As the world comes alive this Thanksgiving Day, November 28, 2002, I am indeed thankful for the usual things - health, a modicum of prosperity, family, a good wife, the country in which I live - all those things we in the military dedicated our lives to preserve.
But there is something else, something not quite as tangible, something "unique" (there's that "U" word again) to those of us who served from the backside of the desert to the pleasure palaces of Southeast Asia and all points in between.
That intangible is the bond formed over almost half a century of unsung, mostly silent service. I am most thankful for the friends I met over the last 40-plus years, those I flew with, fought with, cheated death with again and again. There are many groups extant that may have a similar bond, but I know little of those other groups. I only know the Prop Wash Gang and its related entities which made up Security Service and its successors.
We received little recognition over the years, but that's ok. Any recognition we might recieve from the outside world pales in comparision to one of you guys saying, 'Yeah, I know the Chief. He's an alright guy."
Or, 'Tony Baciewicz? One of the best AMS's around!"
"Bob Cope? He went to bat for us so many times, he almost retired a butter bar!"
So before you join battle with that turkey today, pause for a moment and reflect on this bond and be thankful.
Over forty years ago, a young 18-year old kid left the plains of Southwestern Oklahoma and embarked on a journey that would take him around the world several times, take him to the backside of the desert as well as to the garden spots of this earth.
It would see him become part of a brotherhood of men with unbreakable bonds, bonds forged on lonely mids and even lonlier Christmas day flights. He became part of a hard-working, hard-drinking, hard-playing group who didn't know when to quit.
That bond has only grown stronger over the years of retirement. Vicarious pleasure is taken when the active duty guys relate their latest sortie.

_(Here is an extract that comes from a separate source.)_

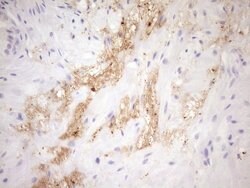 FGFBP1 Monoclonal Antibody (OTI2B6), TrueMAB , OriGene:Antibodies:Primary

When the cell of Herky birds fly over low and slow, he remembers another time, another war, another side of the world.
So here on Thanksgiving Day, 2003, that 18-year old kid is retired, not quite as fit as before, a little heavy around the paunch, grey hair is thinning a bit,,,
...but thankful for those years, for those comrades both living and gone, thankful for an opportunity to be part of this thing of ours, thankful for the hours of boredom and the few moments of an adrenalin rush that can't be matched when the challenge is there right off our wingtips.
I'm gonna leave in a few moments for the traditional Thanksgiving dinner. I'll probably, no I will, eat too much, I'll swear I'll never do it again, but I will.
And I'll also sit back later today, close my eyes, remember all the young kids who grew into men, and I'll give thanks.